Some weeks ago I wrote here about the place in the law of the virtue of forgiveness alongside the stalwart of promise-keeping (or, better put, the virtue of fidelity). Contracts scholars like Charles Fried, Seanna Schifrin , and Curtis Bridgeman (who got me starting on the topic here) argue that promise-keeping is the crux of the social practice contracting. In turn, the practice of contracting is important because it is one of the principal means by which we instantiate human autonomy. Human autonomy, at least since Immanuel Kant, is the core of modernity’s social imaginary. Hence, legal remedies for breach of the promises made in contracts are foundational to the work of the State; legal remedies are a means of realizing our true human nature.
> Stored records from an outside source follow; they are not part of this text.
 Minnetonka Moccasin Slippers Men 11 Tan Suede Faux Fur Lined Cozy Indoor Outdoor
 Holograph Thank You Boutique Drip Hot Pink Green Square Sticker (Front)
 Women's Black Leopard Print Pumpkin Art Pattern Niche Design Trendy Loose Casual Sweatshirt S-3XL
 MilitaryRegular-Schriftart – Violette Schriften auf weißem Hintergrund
Forgiveness, however, is not at the core autonomy. Forgiveness, while continuing to occupy an important place in popular Western conceptions of the moral life, has not received the analytic attention of fidelity. In fact, forgiveness may be incompatible with the Kantian notion of virtue. See Immanuel Kant, The Metaphysical Elements of Justice. In any event, using Jean Braucher’s moral intuitionism as a starting point (here), I observed that the discharge of most individual debts enjoined by the Bankruptcy Code reflects the important place of forgiveness in American law. Standard contract defenses like impossibility/impracticability/frustration of purpose and unconscionability may also have foundations in the virtue of forgiveness but there can be little doubt that the principal place of forgiveness in black-letter law is the discharge in bankruptcy. (Those curious about this contention can look at a piece I published several years ago in the American Bankruptcy Institute Law Review here.)
Not surprisingly, there are accounts of the bankruptcy discharge that are not grounded in the virtue of forgiveness (or any other virtue for that matter). Modern utilitarianism (“law and economics” when it comes to law) finds a place for the discharge in—no surprise—wealth maximization. But I won’t pursue this perspective here. I will instead express some thoughts about the morality of forgiveness and then its place in the in the bankruptcy discharge.
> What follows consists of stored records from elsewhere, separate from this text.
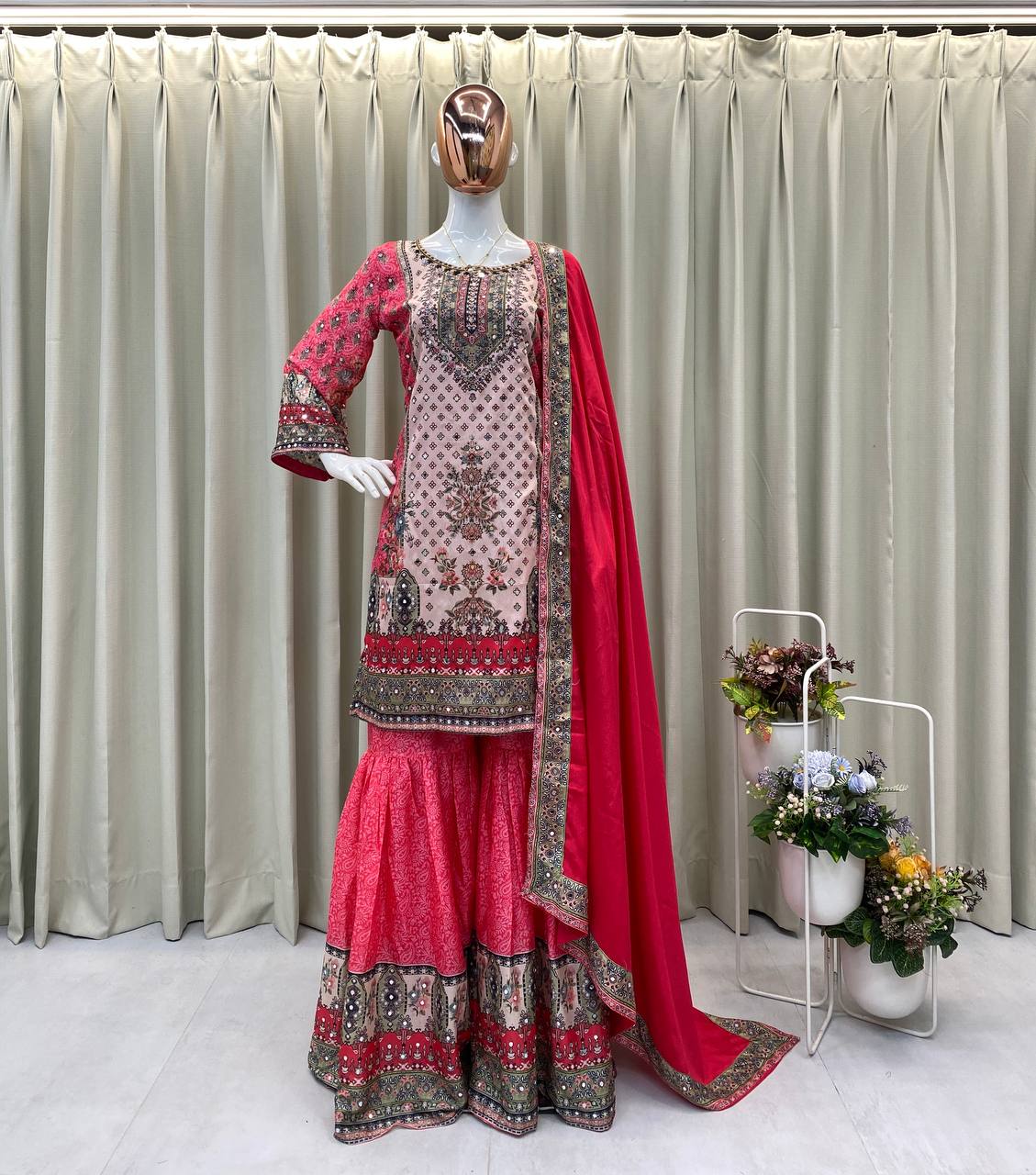 SARARA SUIT IN REAL MIRROR WORKED TOP SARARA WITH DUPATTA PAIR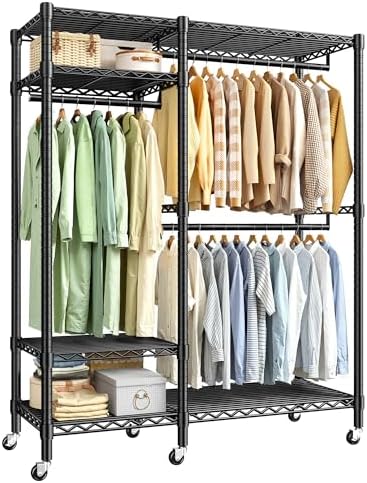 Rolling portable closet, 780 lbs, 3 rods, 6 shelves, black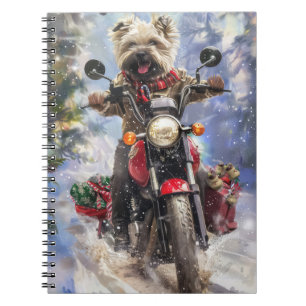 Cairn Terrier Hund Riding Motorcle jul Anteckningsbok
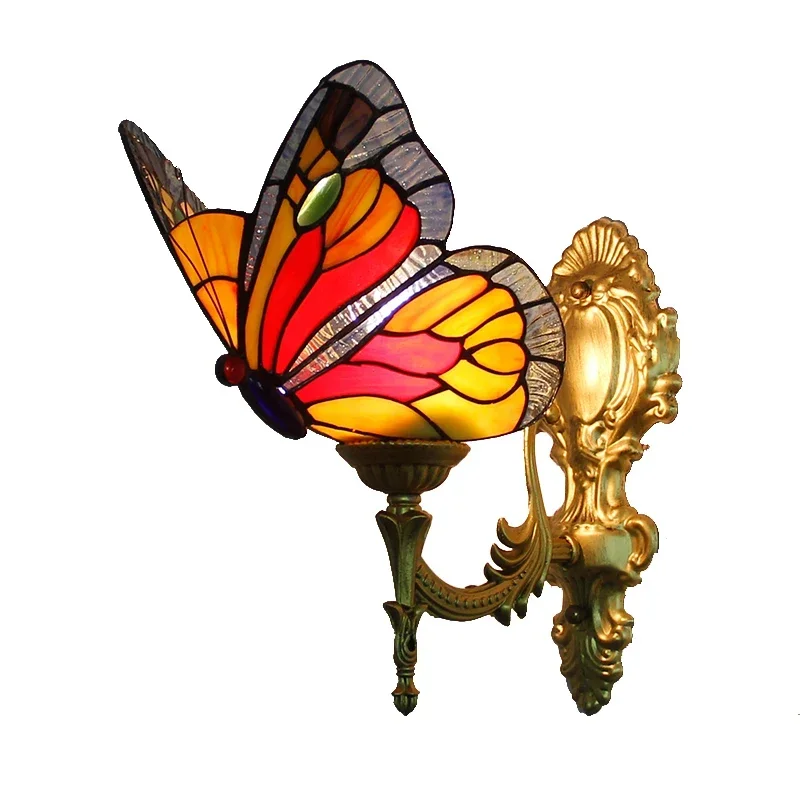 

v Baroque Vintage Turkish Wall Lamp Bedroom Aisle Corridor Bathroom Stained Glass Lampshade Butterfly Wall Bracket Light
After my previous blog on this topic a colleague directed me to the well-known passage in the gospel of Matthew18:21-35 where Jesus instructs Peter about the path of discipleship with the parable of the unforgiving servant: if we demand only justice against those who have wronged us, we can expect no mercy from God.
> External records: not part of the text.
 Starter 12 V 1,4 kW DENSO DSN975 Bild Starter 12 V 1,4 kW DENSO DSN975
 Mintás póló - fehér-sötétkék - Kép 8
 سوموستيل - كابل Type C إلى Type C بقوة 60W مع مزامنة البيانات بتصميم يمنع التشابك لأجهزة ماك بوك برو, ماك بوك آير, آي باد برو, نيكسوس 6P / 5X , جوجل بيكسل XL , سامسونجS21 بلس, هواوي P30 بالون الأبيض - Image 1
Yet consider that these injunctions were directed to those who identify themselves with Jesus Christ by faith and the divine forgiveness therein promised. To what extent do such commands apply to those who do not baptized into Jesus or, more to the point, to the powers of the modern State? Can the State ever forgive a wrong committed against a citizen? Perhaps. But I am confident that the state cannot forgive the wrong against me as me; at most the State can forgive the wrongfulness of an act as it pertains to the State. With respect to the one wronged, forgiveness “is the enacted resolution of the victim no longer to hold against the wrongdoer” the wrong done. (Wolterstorff, Justice in Love at 169). Or, as I would put it, forgiveness is the waiver of secondary rights of correction (i.e., those rights that accrue when one's primary right has been violated). Given either formulation, it is clear that whatever it is, the discharge in bankruptcy does not amount to the creditor’s forgiveness of her debtor.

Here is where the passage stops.